MBT (a military acronym for "Main Battle Tank") is a board wargame published by Avalon Hill in 1989 that simulates hypothetical World War Three tank combat between NATO and Warsaw Pact forces in Western Europe. A second edition was published by GMT Games in 2016.

==Description==
MBT is a two-player wargame of conventional ground-oriented combat set in 1987, during the final days of the Cold War. One player controls NATO mechanized forces defending West Germany, and the other player controls the invading Warsaw Pact forces. The game, which has two rulebooks, a large hex grid map, and over 400 counters representing individual tanks, trucks, airplanes, helicopters and squads of infantry, is moderately complex. The map is scaled to 100 m per hex, and depending on the scenario, each turn represents 1–5 minutes of game time.

=== Gameplay ===
The first edition of the game uses an alternating "I Go, You Go" format. The Warsaw Pact player has the following phases:
1. Spotting
2. Command (move their units, fire at target, short halt and fire, overwatch, or give no command at all)
Once the first player has finished, the NATO player is given the same opportunities for play, completing one full turn.

The second edition uses a more complex sequence of play. The "I Go, You Go" format is replaced by an initiative phase where both players roll two ten-sided dice, apply some modifiers, and the player with the greater number gets to fire first.

The advanced version of both editions the game increases the complexity by allowing for various types of ammunition, minefields, aircraft, helicopters, engineer units, and more.

== Publication history ==
MBT was designed by James M. Day and was published by Avalon Hill in 1989 as a boxed set with artwork by Rich Hasenauer and Charles Kibler.
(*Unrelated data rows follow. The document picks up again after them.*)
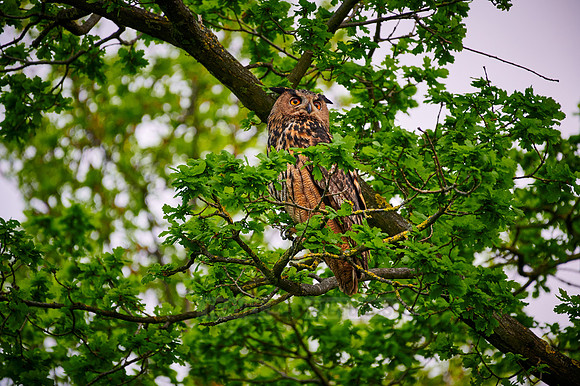 Eurasian eagle-owl (Bubo bubo) sitting on a branch inside a tree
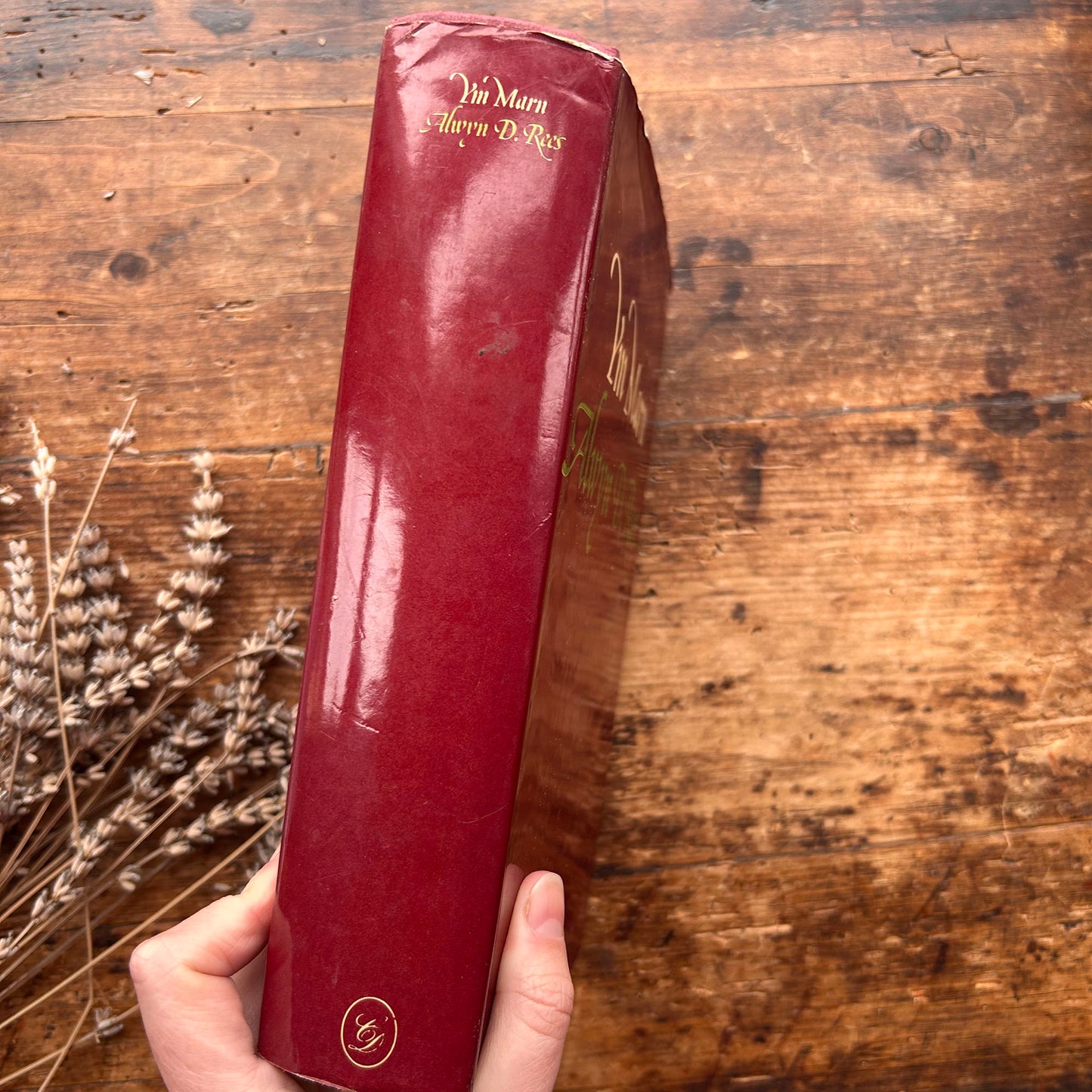 Ym Marn - Alwyn D. Rees - 1976 (Preloved)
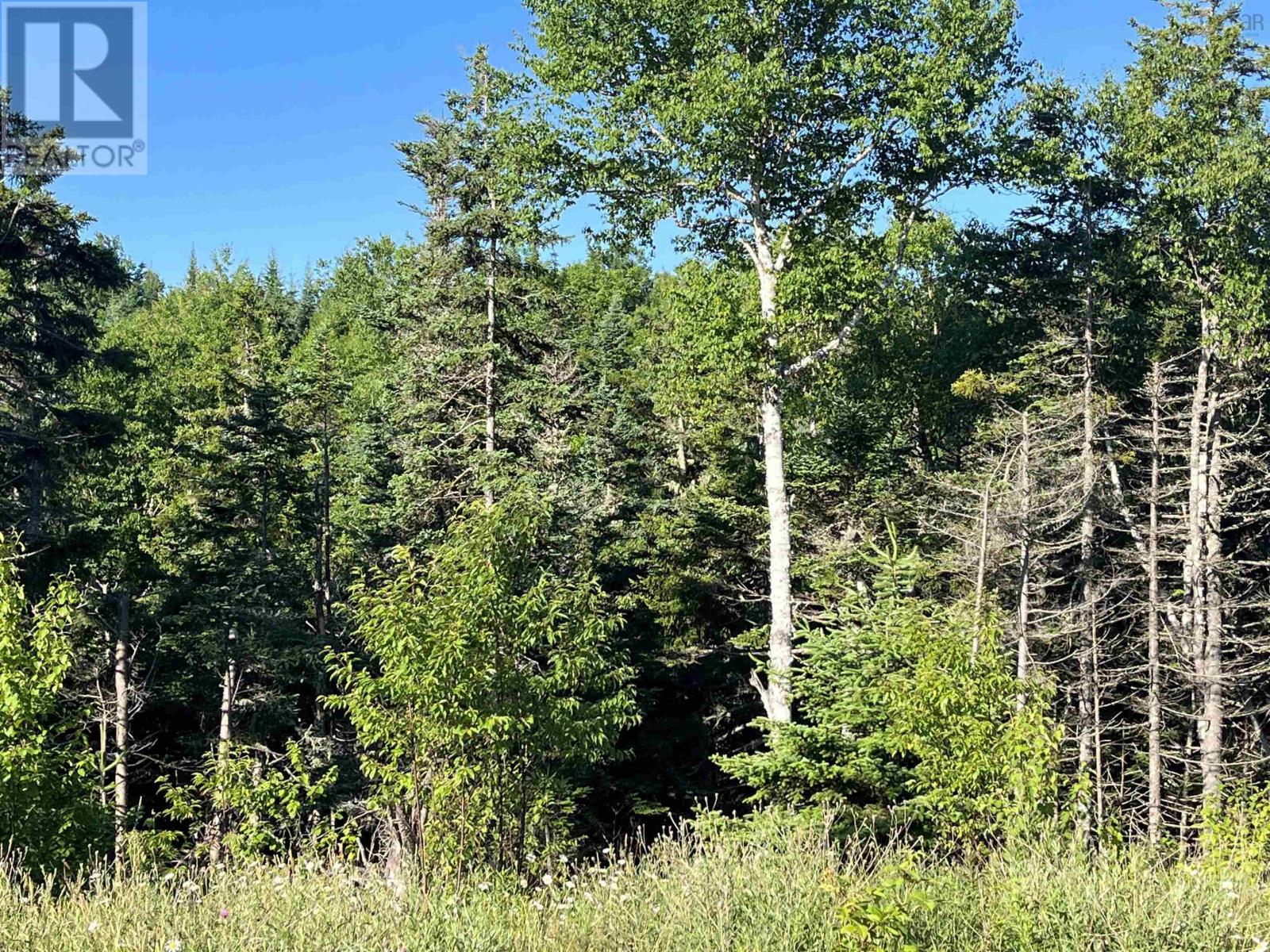 Lot Rjg-1 Long Beach Road, West Glenmont, Nova Scotia  B0P 1H0 - Photo 26 - 202415262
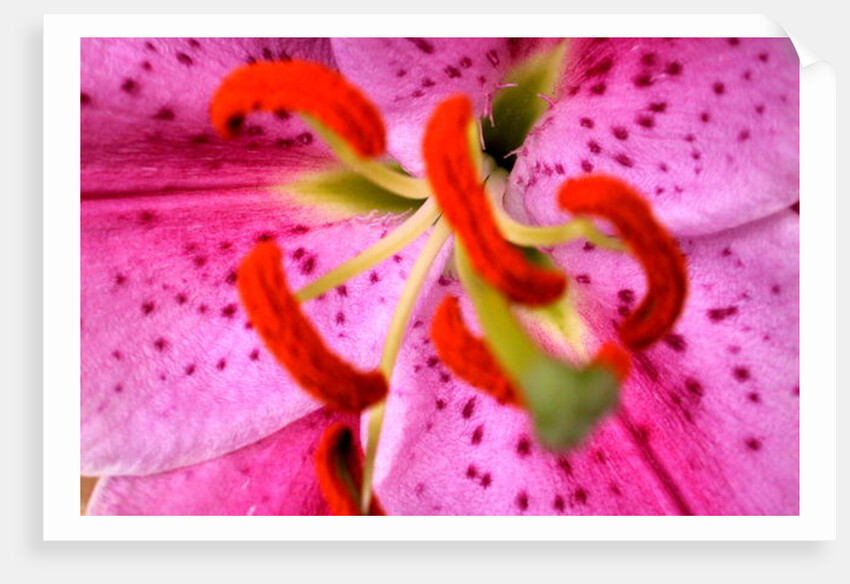 Pink Aroma by Sarah O'Toole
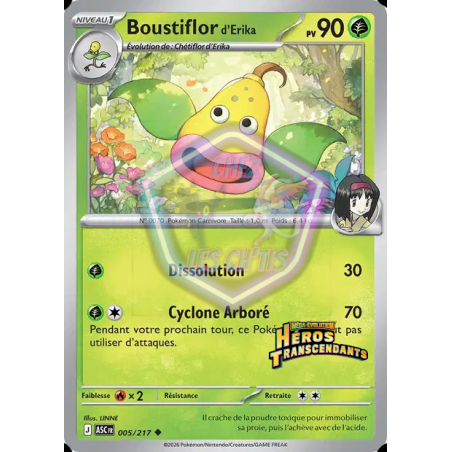 Boustiflor d'Erika 5/217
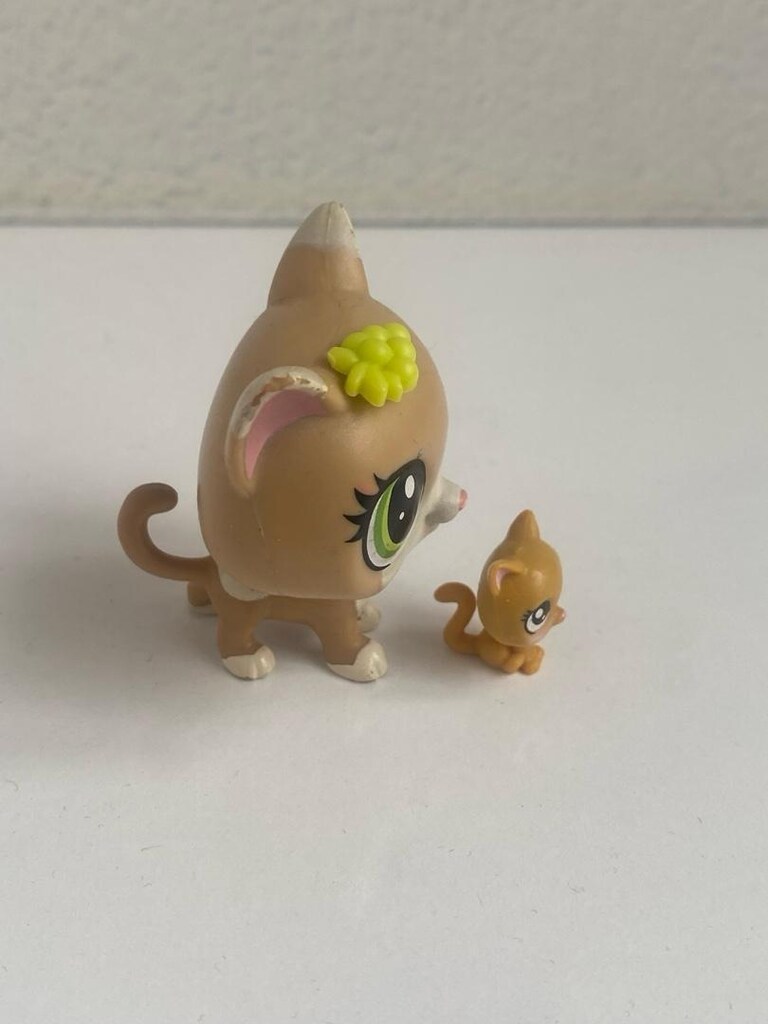 kedi minişler - 4
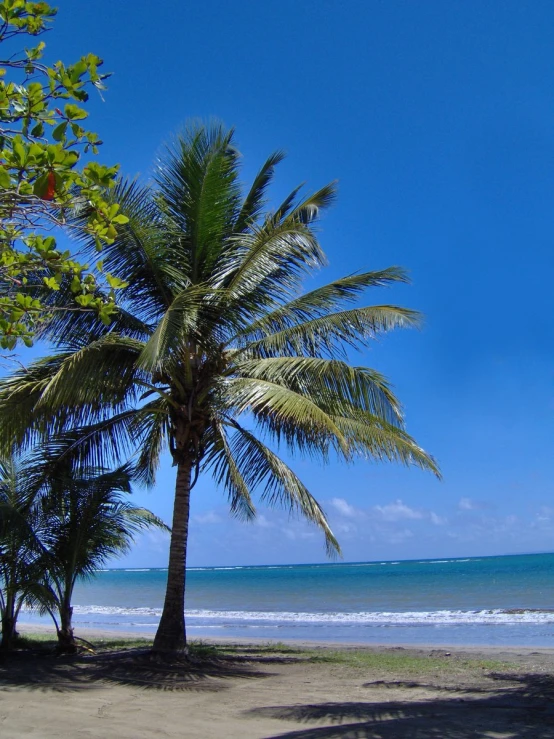 palm trees near the ocean on a sunny day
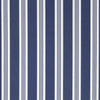 Patio Stripe (f)- Blue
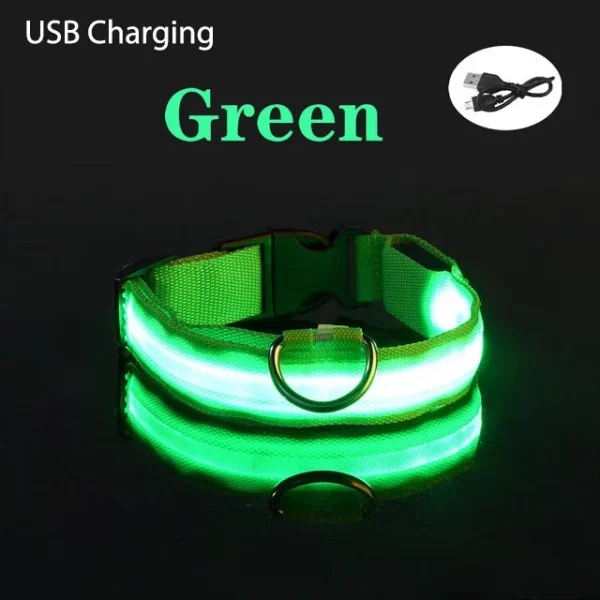 TOUA Choice XS/M Dog Collar USB Rechargeable Light Up LED Collar Lights Adjustable Soft Safety Night Light Flashing Pet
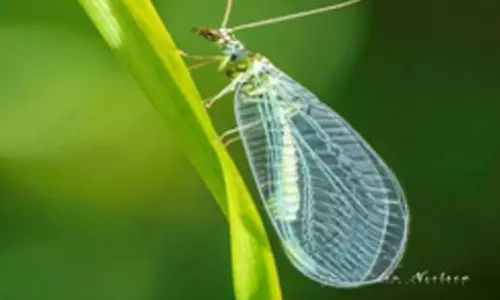 தென்னை சாகுபடியில் வெள்ளை ஈ தாக்குதல் தடுப்பு பணிகள் தீவிரம்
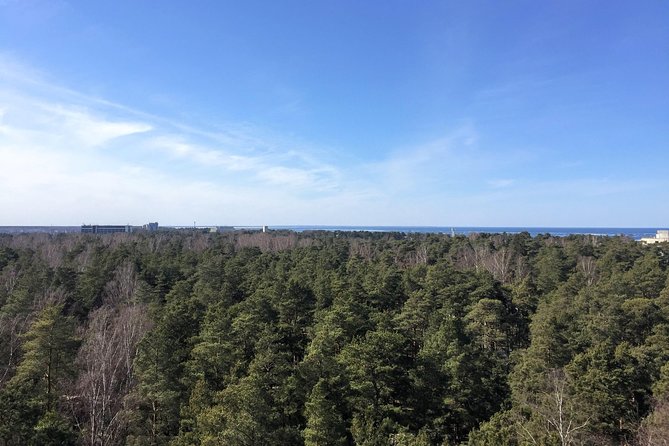 Sunrise at Kemeri National park + Jurmala - What you get for $131.81: value beyond the headline price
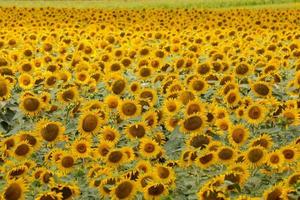 Sonnenblumenfeld im Sommer foto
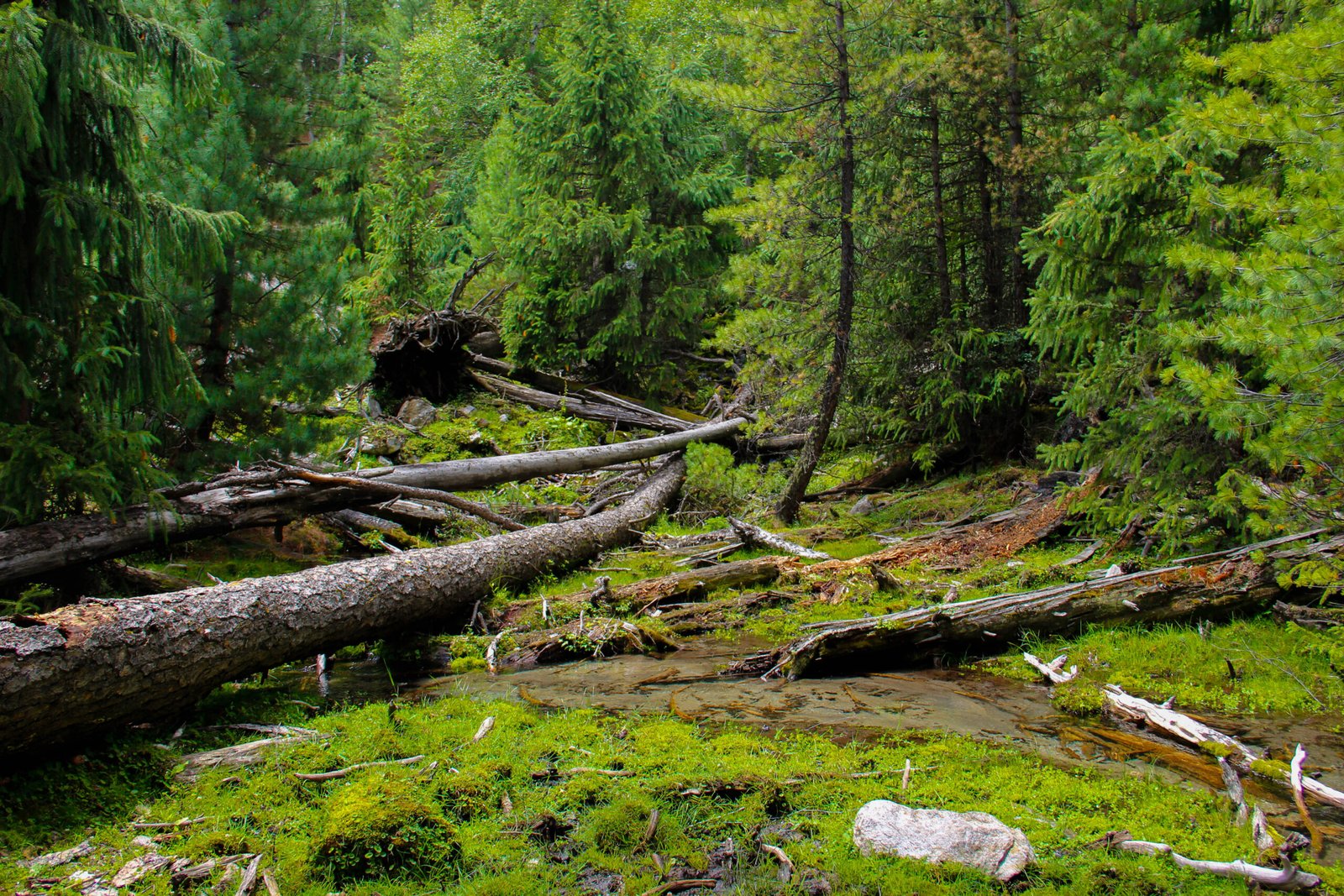 Forest trail through the pine jungle on the trek to Fairy Meadows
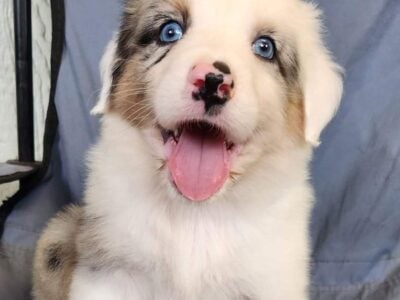 Australian Shepherd Puppies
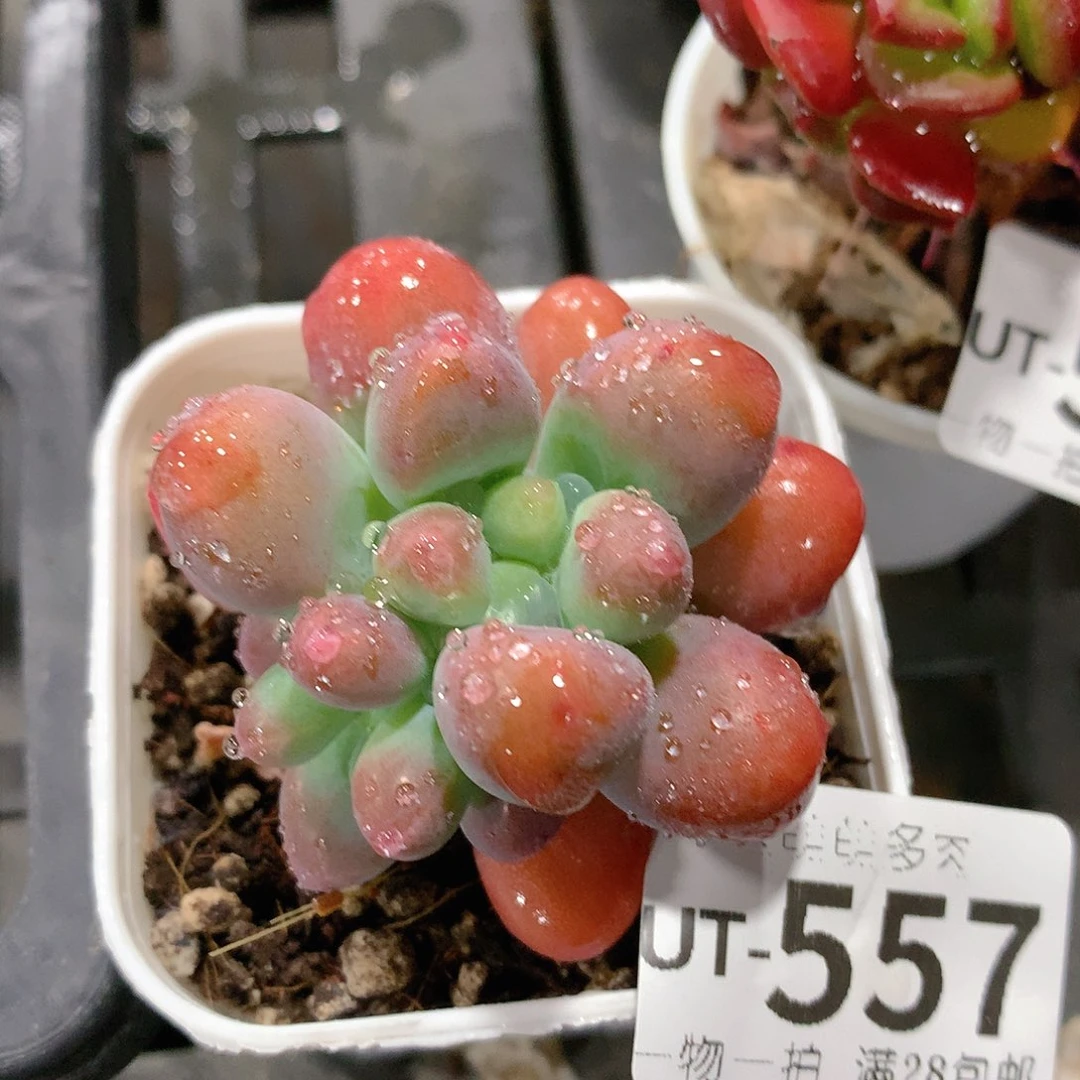 肉萌萌拇指盆多肉UT557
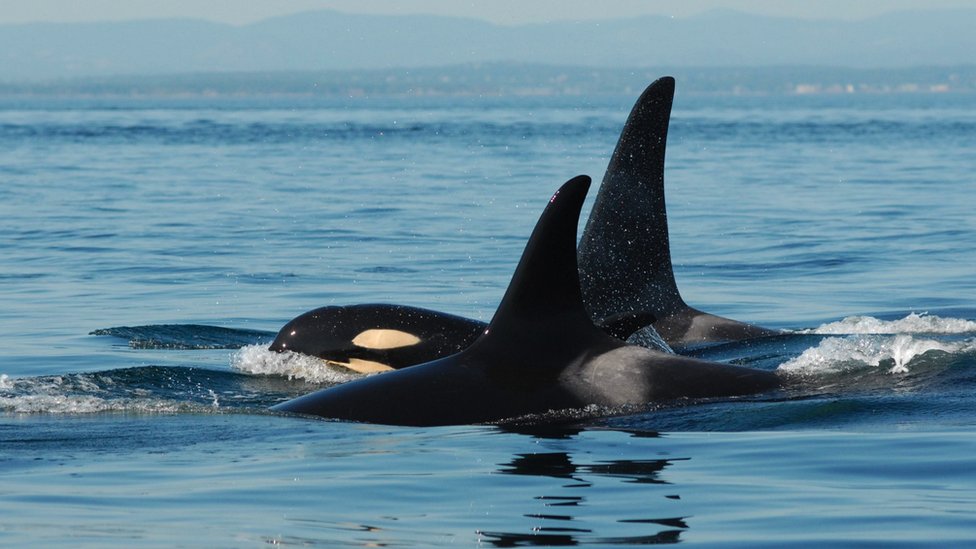 Životinje: Majke kitova ubica čuvaju sinove od pet tona da ne upadnu u nevolje 1 A post-reproductive female travels with her adult son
In 2016, GMT Games published a second edition with revised rules.

==Reception==
Norman Smith reviewed Avalon Hill's original edition of MBT for Games International magazine, and gave it 4 stars out of 5, stating that "MBT should be well received by those whose prime interest is with modern tactical games. Miniature players should also take a look at this game."

In Issue 3 of Jeux & Stratégie, Pierre Grumberg also reviewed the original edition and warned of the game's complexity, saying, "The level of detail is pushed to the extreme, a little too much for beginners." But he noted "the complexity doesn't put you off, and if you have time to learn the game, you will certainly like it."

Writing for Armchair General, Rick Martin reviewed the GMT version of the game, and saw a lot to like, including the "Tons of content" and 'Beautiful components." His only issue was some rule confusion around air power attacking armor using armor piercing ammunition. He concluded by giving this game an excellent rating of 99%, saying, "As always, [designer] James Day has performed an incredible amount of research to make sure that all aspects of the weapons and situations are covered with exquisite detail [...] MBT is worth every penny for armor fans. Get this game! It is an instant classic!"

The Center for Army Lessons Learned (part of the United States Army Combined Arms Center) listed the 2016 edition of MBT as a commercial game that can be played for wargaming training purposes, saying, "This game trains decision making in ambiguous situations. It requires being able to envision yourself, the enemy, and terrain in relation to time and mission. It also teaches equipment capabilities, vulnerabilities, and tactical best practices." The authors of the study suggested "Double blind games, using multiple copies, take time and planning, but can greatly enhance realistic decision making."